I think the right move to take is to make "&" not be a connective, but a function that takes a pair of propositions and returns their conjunction. If one uses this convention, then one can replace "p and q" with "p & q", and all is well. One may not even need to be explicit about using this convention.
Poor writing as in (1)-(4) may lead to philosophical problems, though hopefully usually it doesn't. Here is a somewhat more serious issue. One way that some authors—and I am pretty sure I've done this myself—handle the problems in (1)-(4) is by using truth. Thus, they might replace (4) by:
  1. "If someone knows that p is true, then p is true."
This neatly avoids the ambiguity of "knows p". However, (6) does not say that if someone knows a proposition p, then p is true, which is what (4) was intended to say.
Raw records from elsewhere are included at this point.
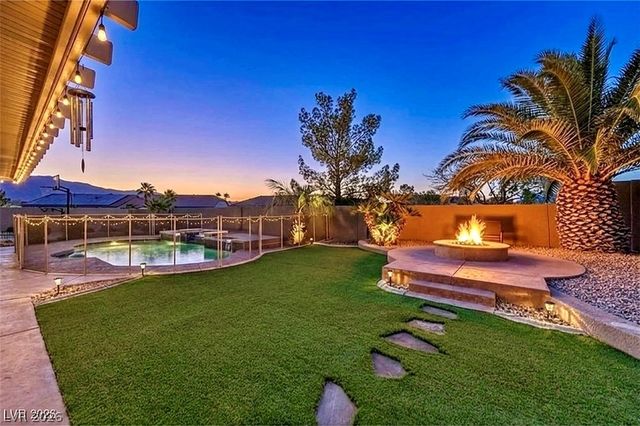 9304 Brilliant Ore Drive, Las Vegas, NV 89143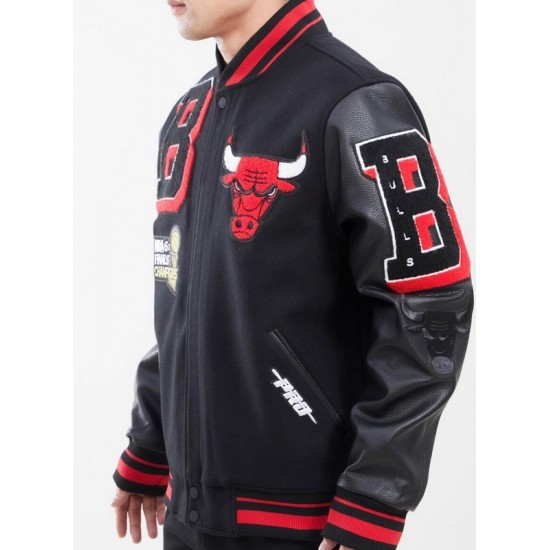Pro Standard Chicago Bulls Varsity Jacket Pro Standard Chicago Bulls Varsity Jacket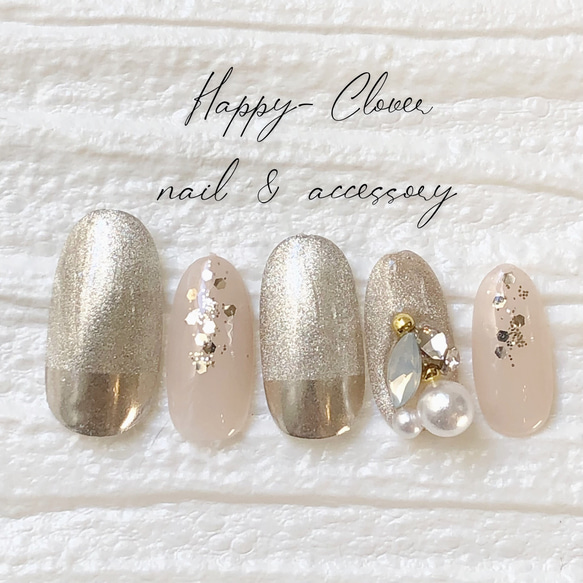 大きめビジューのベージュマグネットネイル ジェルネイルチップ ネイル  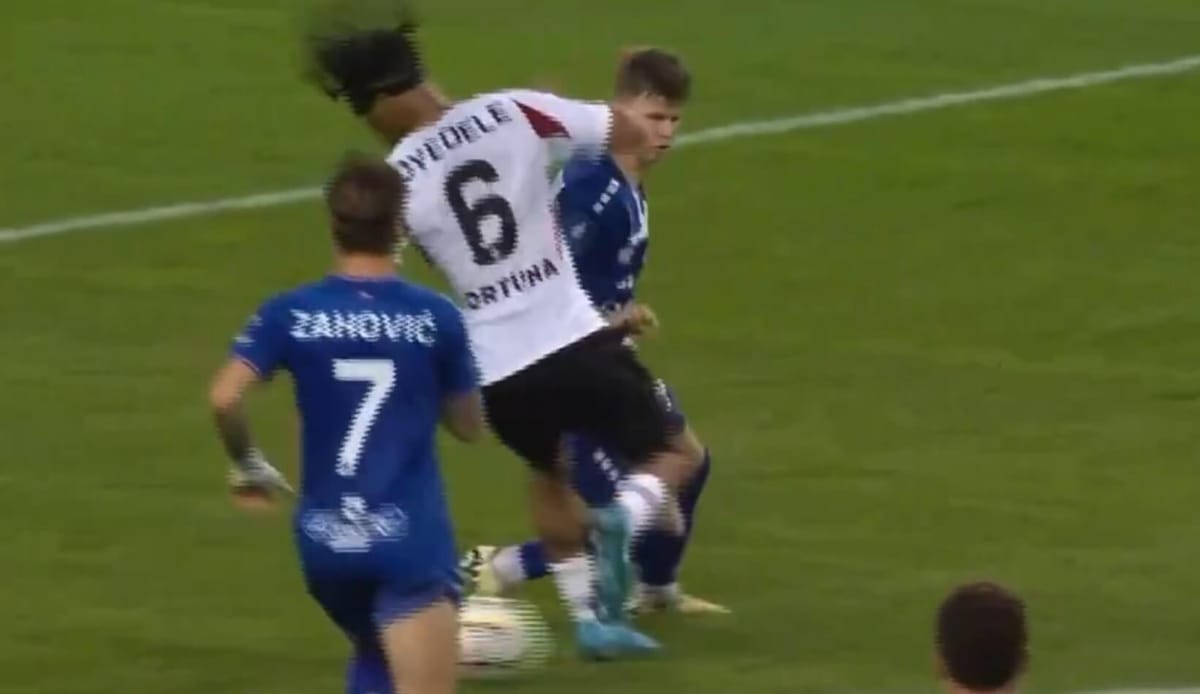 Kibice Legii zachwyceni występem Oyedele. Kompilacja zagrań hitem w sieci [WIDEO] Zdjęcie główne wpisu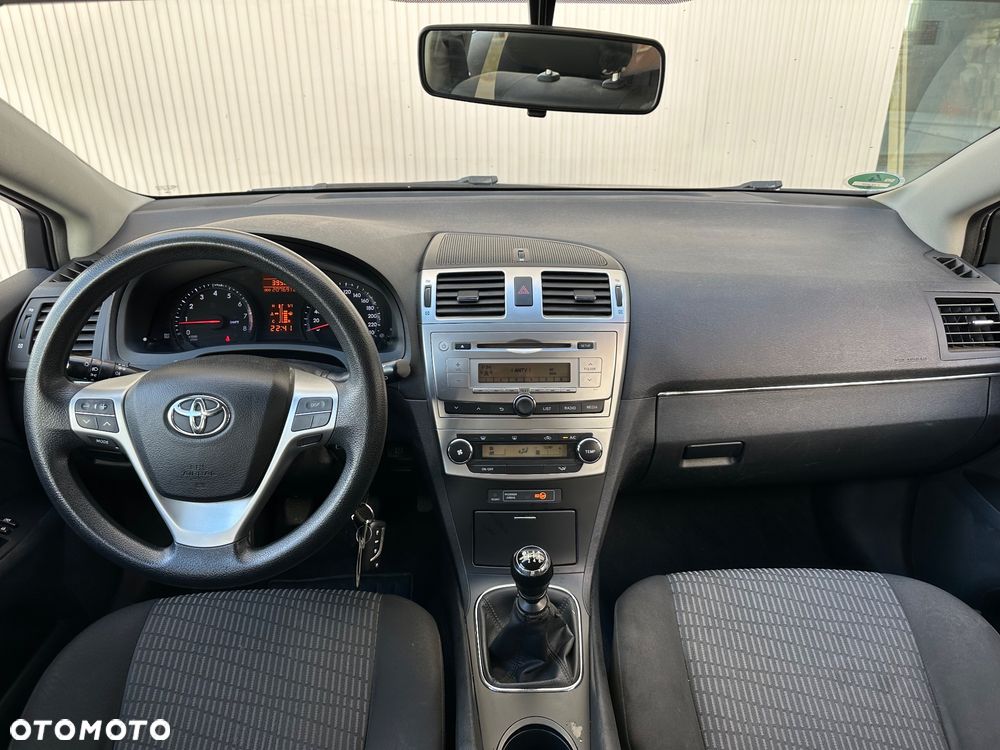 Toyota Avensis 1.6 Active - 26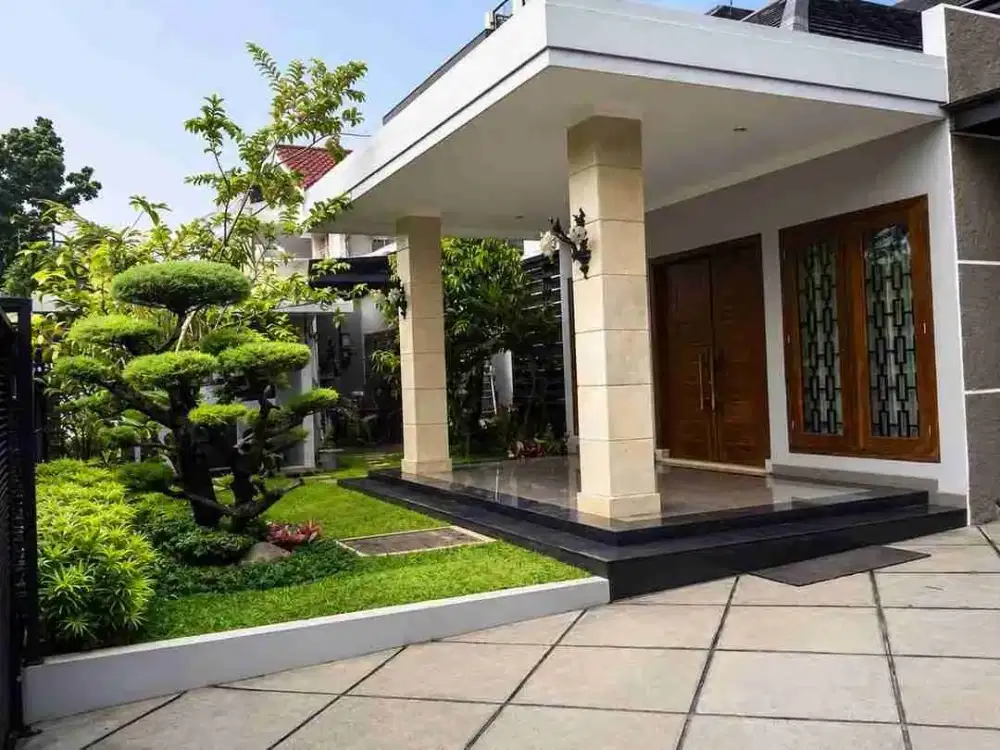 Jual rumah mewah di lengkapi private pool lokasi sangat strategis. Cilandak Jakarta Selatan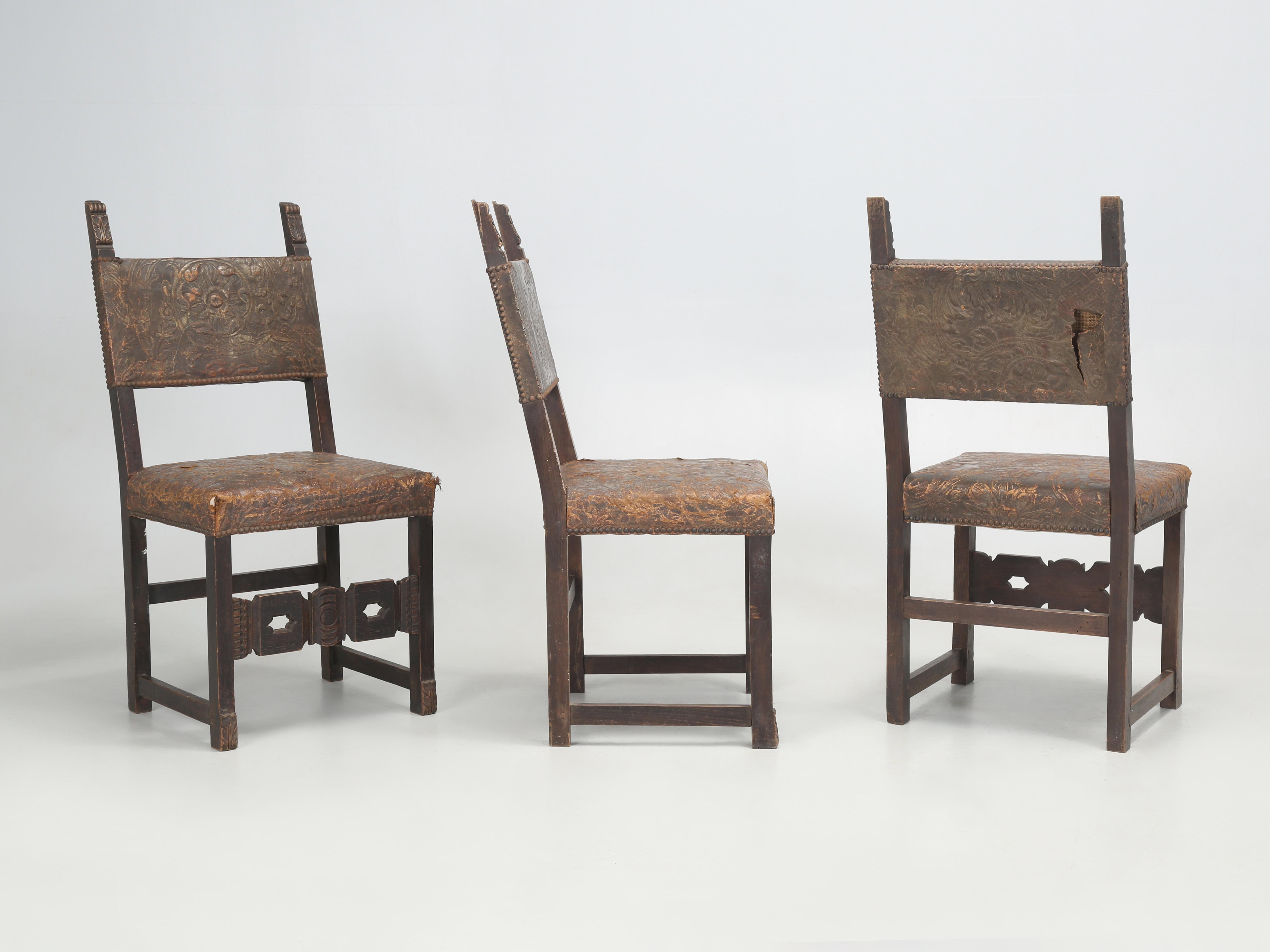 Antiker Satz (10) spanischer Esszimmerstühle aus bearbeitetem Leder, restauriert im Angebot 3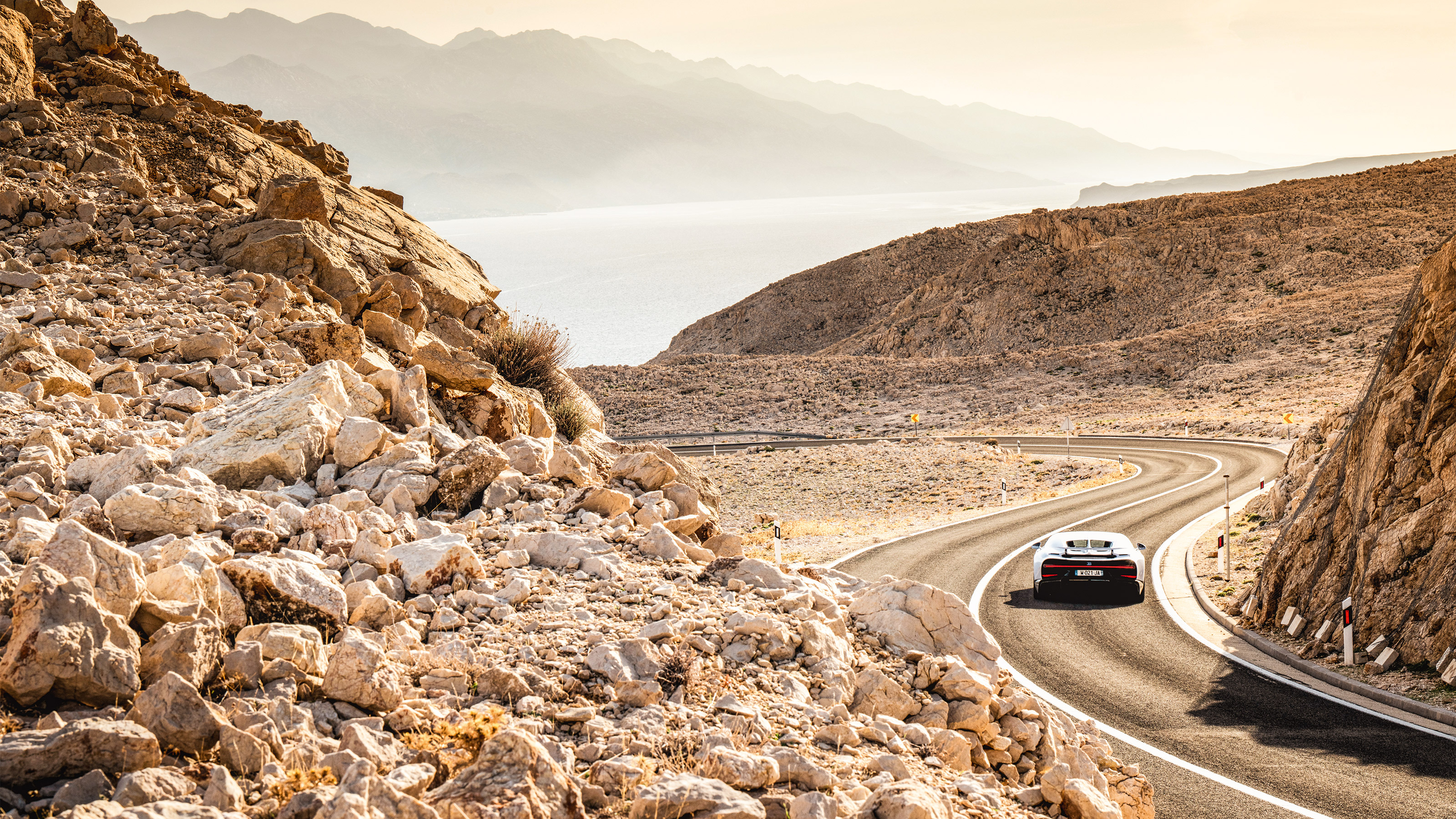 Bugatti Chiron Super Sport v Rimac Nevera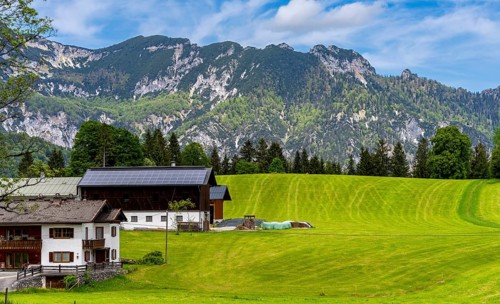 Farmhouses and farmsteads at the Götschenalm, Bichofswiesen, Bavaria, Germany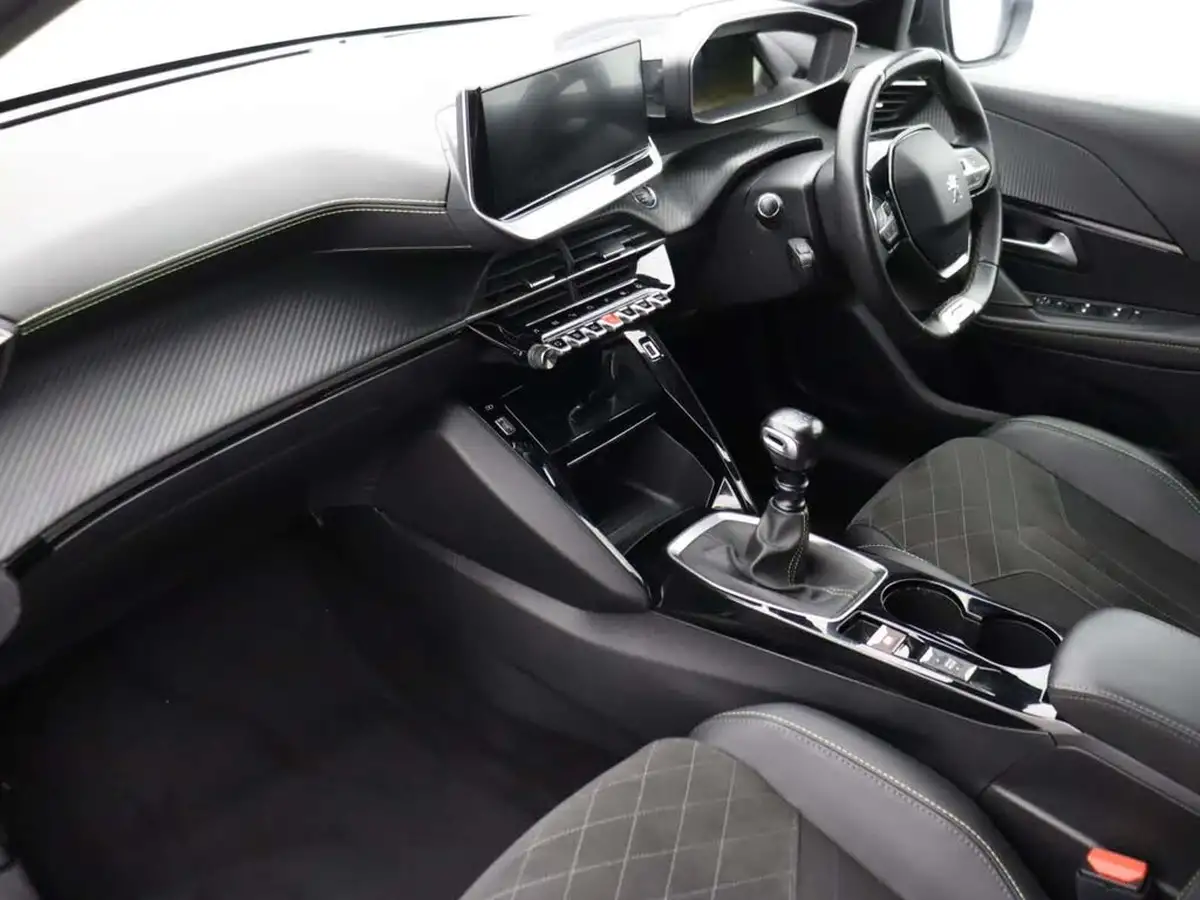 2022-peugeot-208-12-puretech-gt-premium-100bhp-big-10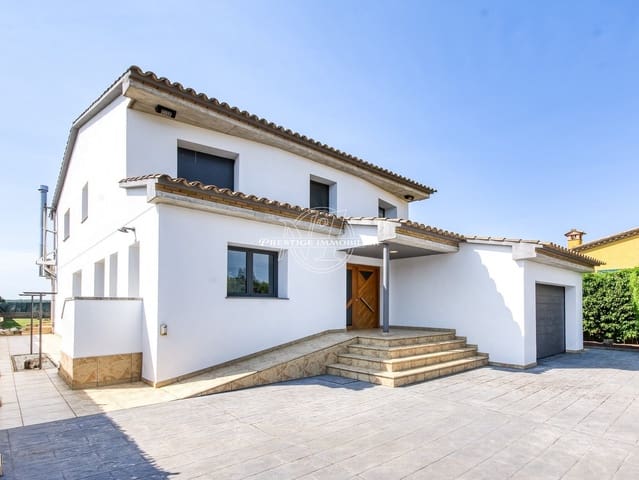 4 bedroom Villa for sale in Ordis - € 575,000 (Ref: 9263610)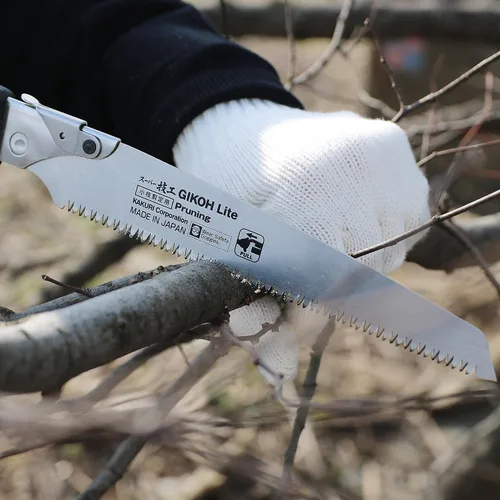 Miniatura 3 de KAKURI Sierra de mano japonesa [poda de árboles] Sierra de tracción japonesa de 8-1/4 pulgadas con cubierta de cuchilla, fabricada en Japón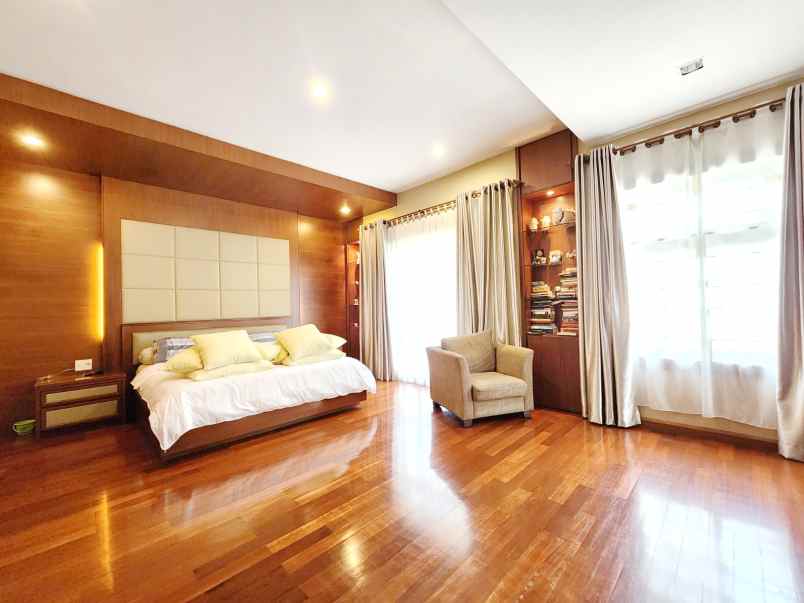 dijual villa jl malibu indah raya suka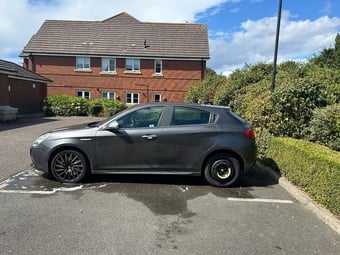 Alfa Romeo, GIULIETTA, Hatchback, 2011, Manual, 1956 (cc), 5 door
Rather, (6) says that if someone knows the second-order proposition that p is true, then the first-order proposition p is true. This is, of course, true, but does not capture (4). For instance, from (4) one should be able to derive:
  1. If someone knows that snow is white, then it is true that snow is white.
But this does not follow from (6), since someone who knows that snow is white might not know that the proposition that snow is white is true (e.g., a small child or a philosopher). In general, one cannot in a non-extensional context replace a first order proposition p with the second order claim that p is true.
This is all obvious, but somehow it wasn't taught to me when I was in grad school.


Mike Almeida said...


This is a strange worry. In propositional logic, you don't substitute names of propositions in the varibles p, q, r. Indeed, you don't even substitute English propositions. You substitute constants A, B, C, etc., so that the schema p -> q takes as substitution instances things like (A & B) -> C and D -> B and (A v C) -> (G & F). The upper case letters are atomic propositions. They are not names of propositions. Otherwise, truth-functional formulations such as A v B would be completely senseless (e.g., that it is snowing or that it is raining??). So, the analogue in quasi-propositional logic, where English is our language, would be to substitute English propositions, not names of propositions in English, for the propositional varibles.

Alexander R Pruss said...

What is an "English proposition"?